Et on a déjà publié sur Blog-Cabestany la lettre émouvante que Guy Moquet écrivit à quelques heures de sa mort annoncée. On ne s’interdira pas de la republier une prochaine fois.

OUI, les temps ont bien changé pour en arriver à notre époque ou des « sauvageons », un mot qui démontre le « laxisme puant » (expression relevée sur un autre blog)  de ce gouvernement, essayent de tuer des fonctionnaires.

Vous avez été quelques uns à nous écrire sur cette colère des policiers dont on essaye de trouver, dans les médias,  des raisons qui ne sont pas les bonnes.

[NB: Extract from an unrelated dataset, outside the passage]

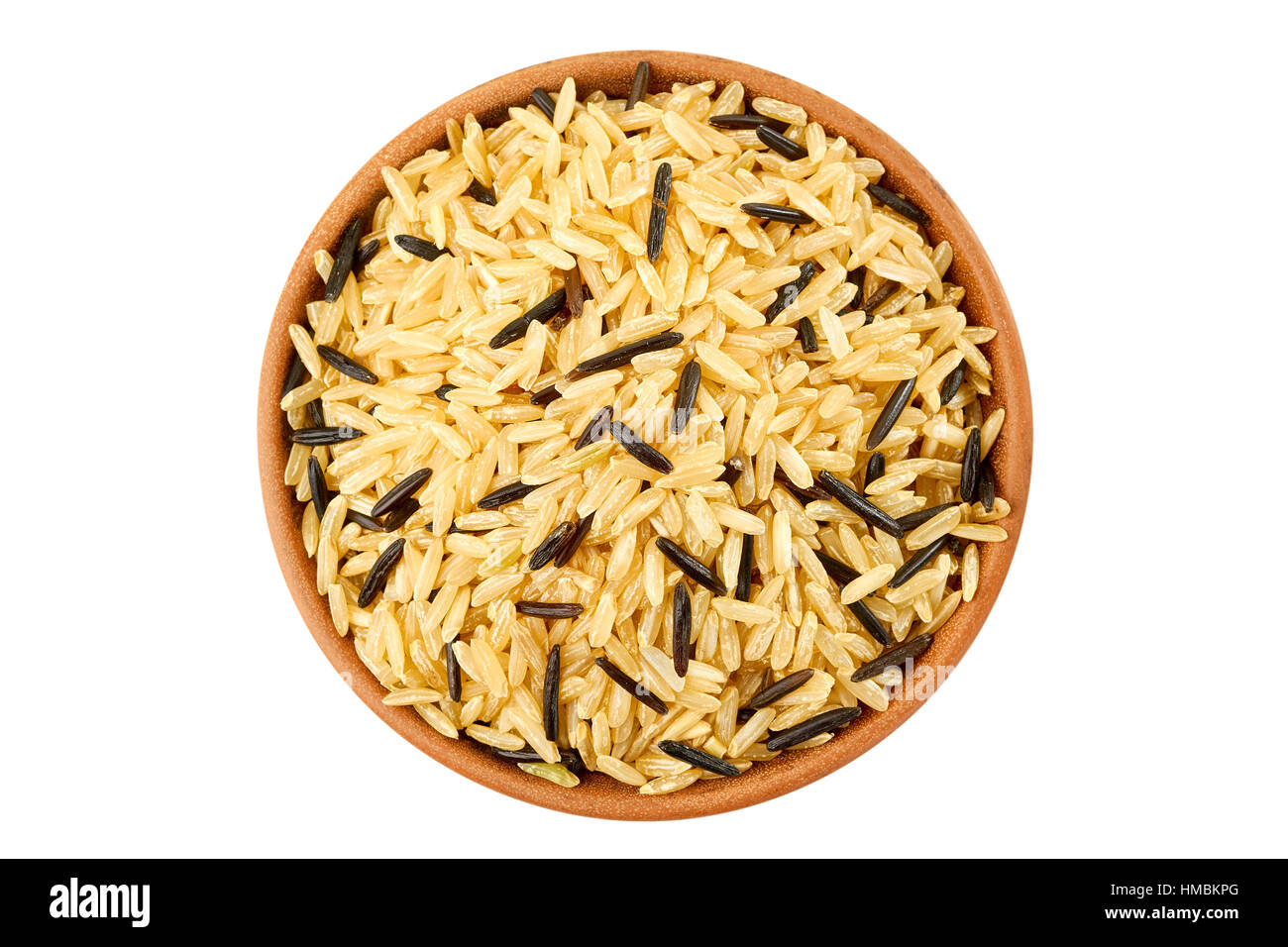 Brown and black rice in ceramic bowl on white Stock Photo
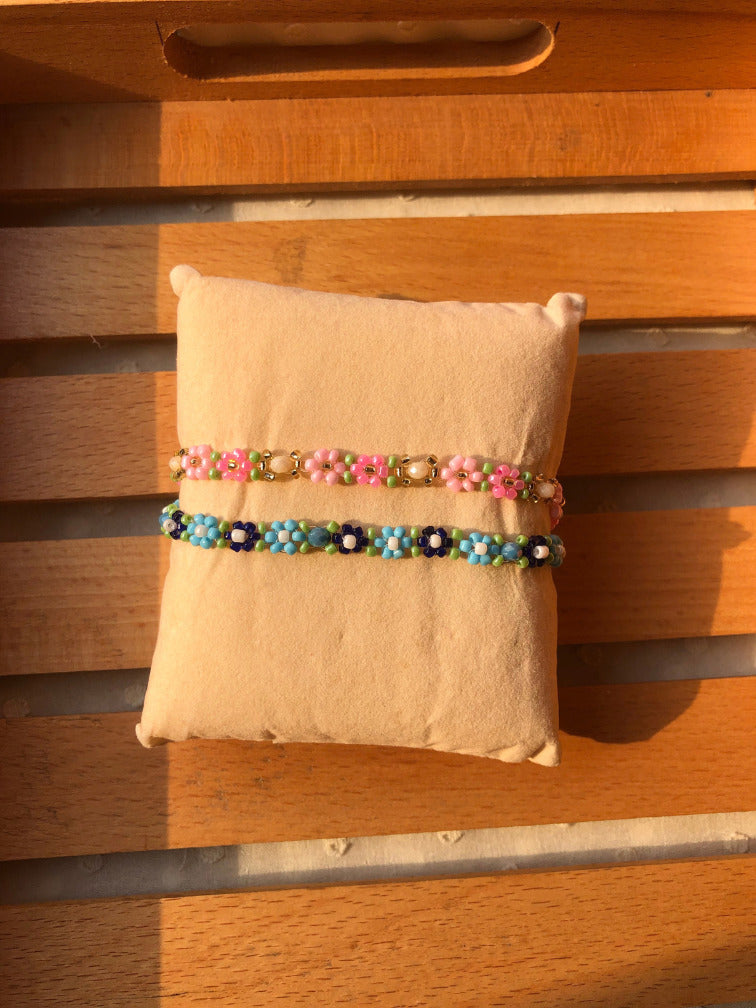 Handmade colorful daisy seed bead bracelet set of 2 in pink green and blue navy on cream cushion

On ne rentrera pas dans la polémique mais on publiera – tel quel – le commentaire que l’on a trouvé sur l’un des sites de nos toujours plus nombreux amis, écrit par un policier qui a pris récemment sa retraite :

« En 40 ans d’activité, je ne me souviens par avoir roulé dans une voiture qui n’était pas déglinguée, avoir déjeuné d’autre chose que de sandwiches caoutchouteux, et on passait des nuits qui ne nous étaient pas payées et qu’on ne récupérait pas – volontairement – pour ne pas laisser nos collègues en sous-effectif.

Ce n’est pas de cela dont les policiers d’aujourd’hui se plaignent. Avant de prendre sa retraite un de mes collègues, agressé, à perdu l’usage de son bras pour le reste de sa vie. Son agresseur a porté un bracelet électronique quelques semaines. Nos gouvernants devraient avoir honte, mais il ne sont capables que de discours hypocrites dans lesquels ils disent « je condamne ». Quand j’ai commencé ma carrière, cet agresseur aurait été condamné à 20 ans de prison. Aujourd’hui, on assiste à un laxisme puant.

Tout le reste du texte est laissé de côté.